··· Source information
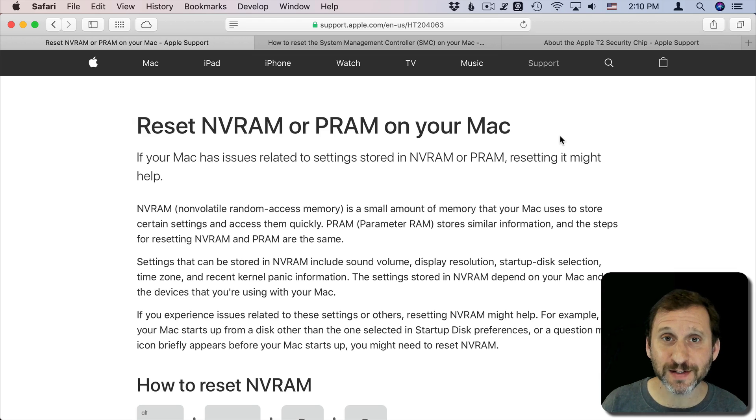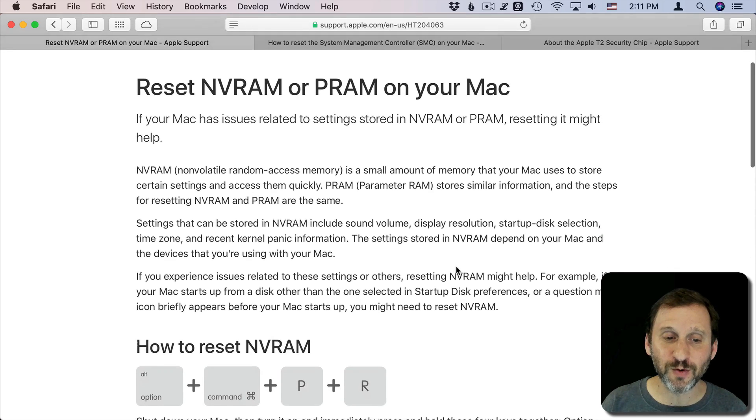If you've ever had trouble with your Mac in the past, you may have been told that to fix it you need to reset the NVRAM, PRAM, or SMC. Things have changed a bit with the newest Macs coming out in 2018 and forward — there's a T2 security chip and it changes a little bit about how a Mac starts up. For most Mac users you can go your entire life and never have to deal with resetting the NVRAM or the SMC, but if you do, especially if you're getting a new Mac, this is how you're going to do it going forward.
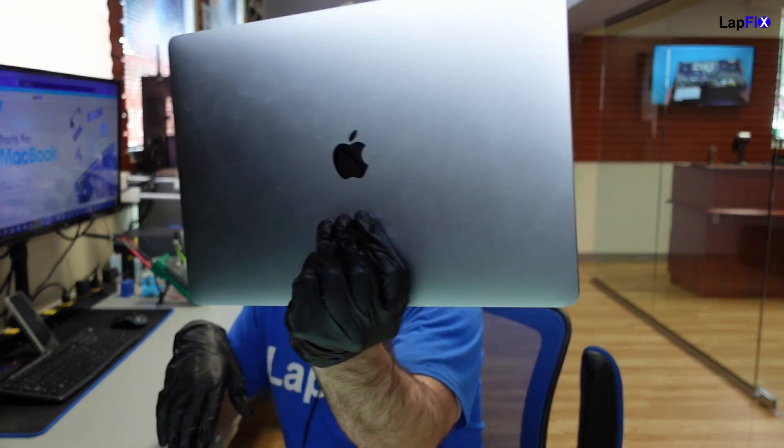We got this MacBook in here. It has to be a MacBook, right? I always love Apple products. We work on a lot of them and show you guys stuff, so I hope you want to send it in or come on by. We have this A1707 here — it's a nice 15-inch one.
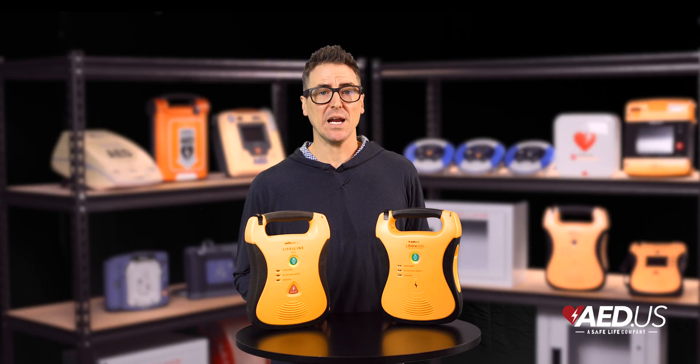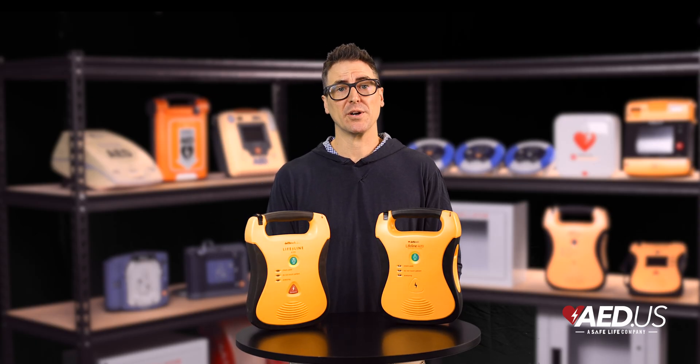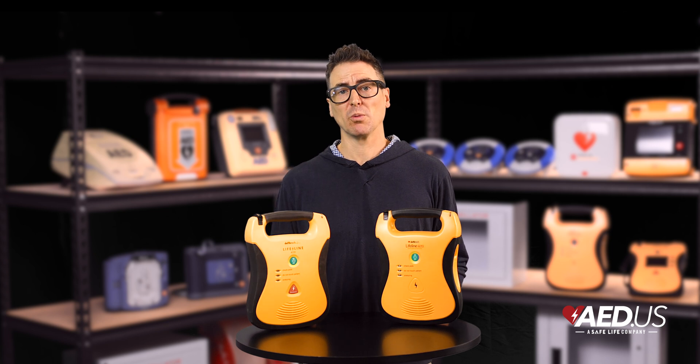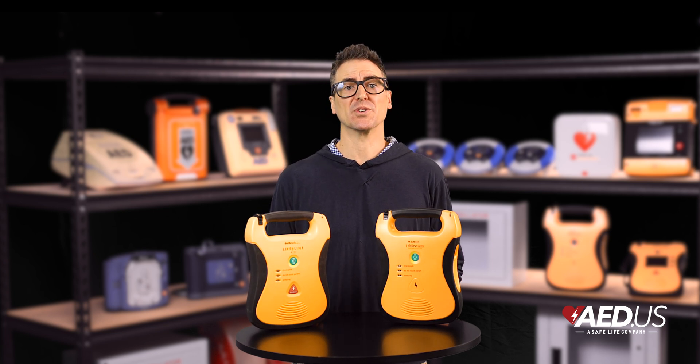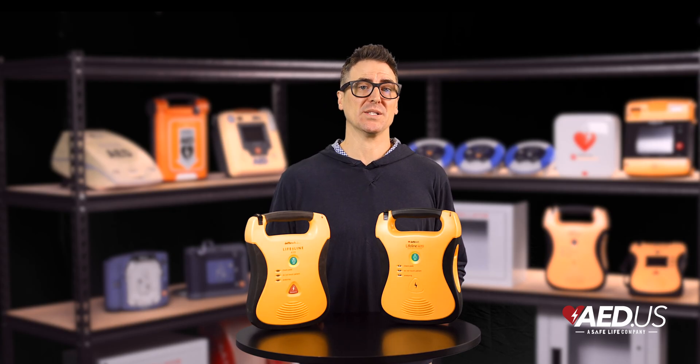In terms of ownership, the Lifeline AED is also cost effective. Replacement pads and batteries are affordable, and the combination of long-lasting consumables and dependable performance keeps the total cost of ownership low without compromising quality.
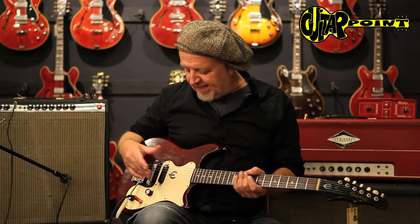We had a couple of those here before, and they're always great. I don't know what it is — it's a simple guitar, it's an original design.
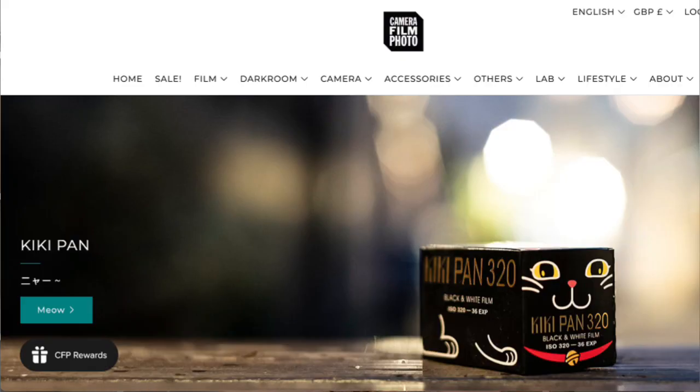Kiki Pan 320 is a relatively new film release. It was launched last year in October 2022. It is a traditional black and white panchromatic film that was created by our friends in Hong Kong at Camera Film Photo, and the inspiration for the film's name actually comes from the team in Hong Kong who named this film after their cat, Kiki.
······
» **What you need to do**: Drop the pictures, then transcribe the lines from the one containing "We got this" to the end of the data above, exactly and nothing more.

» **Solution to this exercise**:
We got this MacBook in here. It has to be a MacBook, right? I always love Apple products. We work on a lot of them and show you guys stuff, so I hope you want to send it in or come on by. We have this A1707 here — it's a nice 15-inch one.
In terms of ownership, the Lifeline AED is also cost effective. Replacement pads and batteries are affordable, and the combination of long-lasting consumables and dependable performance keeps the total cost of ownership low without compromising quality.
We had a couple of those here before, and they're always great. I don't know what it is — it's a simple guitar, it's an original design.
Kiki Pan 320 is a relatively new film release. It was launched last year in October 2022. It is a traditional black and white panchromatic film that was created by our friends in Hong Kong at Camera Film Photo, and the inspiration for the film's name actually comes from the team in Hong Kong who named this film after their cat, Kiki.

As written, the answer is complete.